* [Exercise aim] The answer is the exact text of every line from the one that contains "网站制作哪家好,重庆做网站制作的公司有谁比较了解的,应该去哪里..." to the final line of the entries below, with pictures left out.

(Crawled caption data)
------------------------------------------------
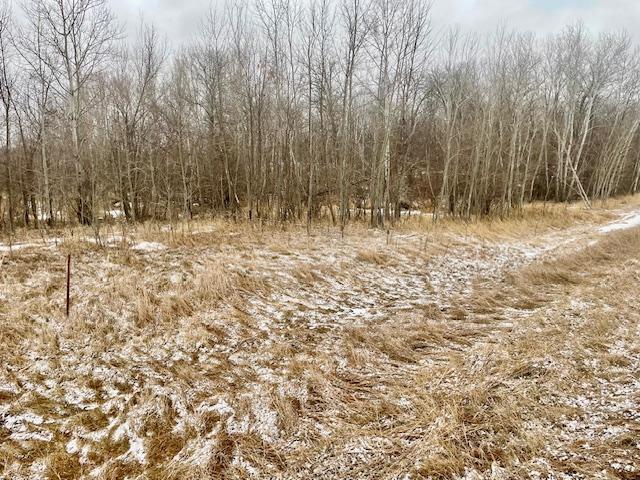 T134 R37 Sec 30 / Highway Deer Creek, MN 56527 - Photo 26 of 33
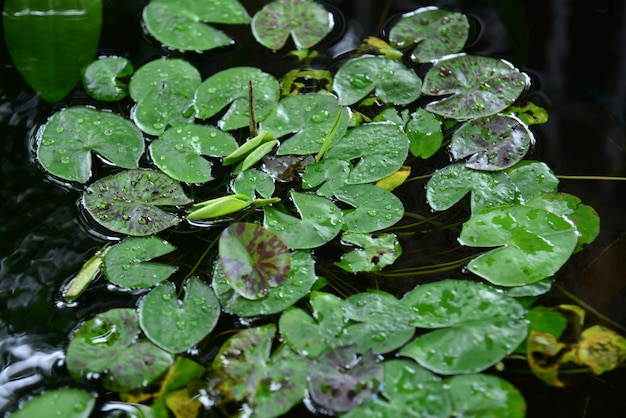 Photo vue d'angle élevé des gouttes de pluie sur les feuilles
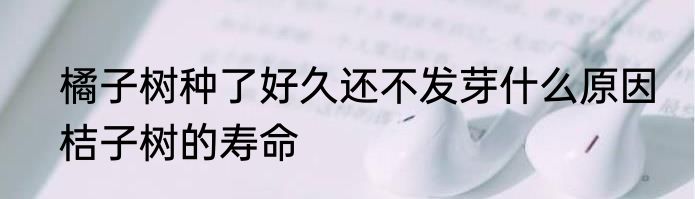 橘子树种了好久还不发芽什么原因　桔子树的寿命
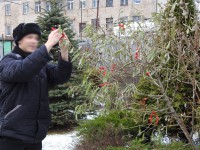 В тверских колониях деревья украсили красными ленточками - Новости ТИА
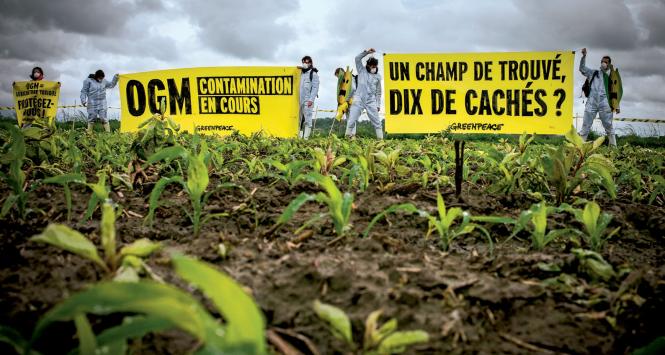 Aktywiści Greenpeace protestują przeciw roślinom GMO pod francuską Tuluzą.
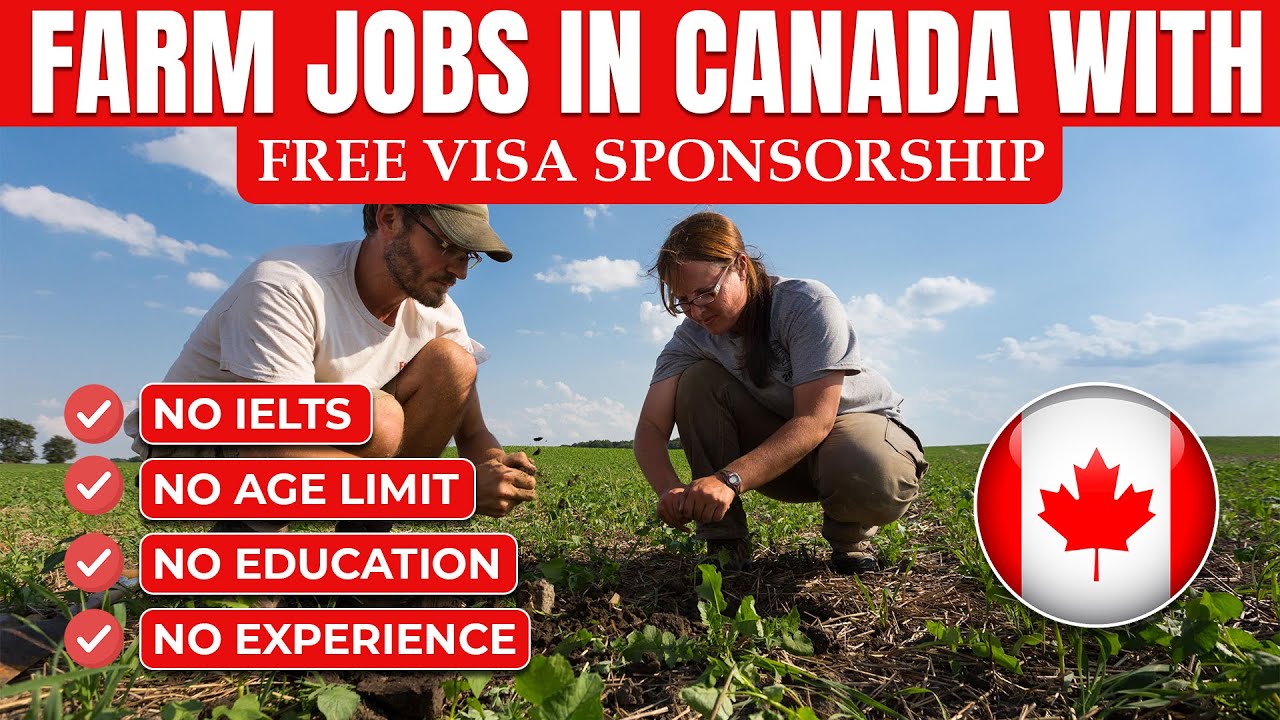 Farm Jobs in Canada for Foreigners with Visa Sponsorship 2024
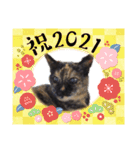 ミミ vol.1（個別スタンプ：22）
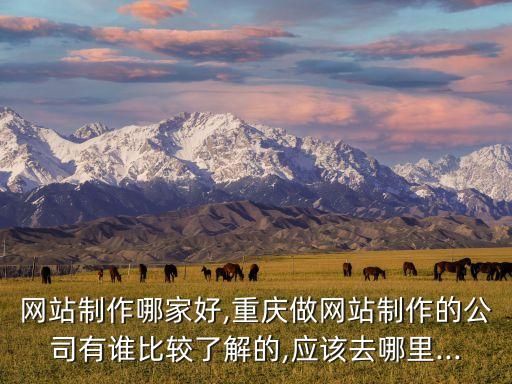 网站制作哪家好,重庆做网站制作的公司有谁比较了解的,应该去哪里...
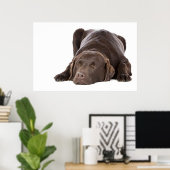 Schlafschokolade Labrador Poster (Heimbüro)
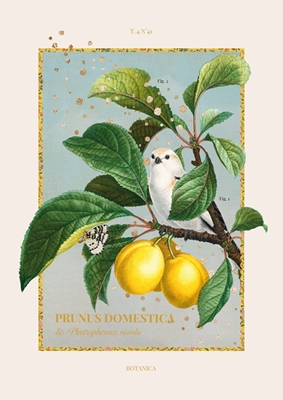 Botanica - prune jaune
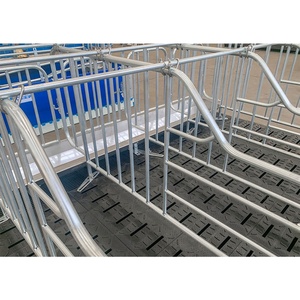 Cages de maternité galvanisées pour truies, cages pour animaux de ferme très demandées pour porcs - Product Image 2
------------------------------------------------
* [Answer to the exercise]
 网站制作哪家好,重庆做网站制作的公司有谁比较了解的,应该去哪里...
 Schlafschokolade Labrador Poster (Heimbüro)
 Botanica - prune jaune
 Cages de maternité galvanisées pour truies, cages pour animaux de ferme très demandées pour porcs - Product Image 2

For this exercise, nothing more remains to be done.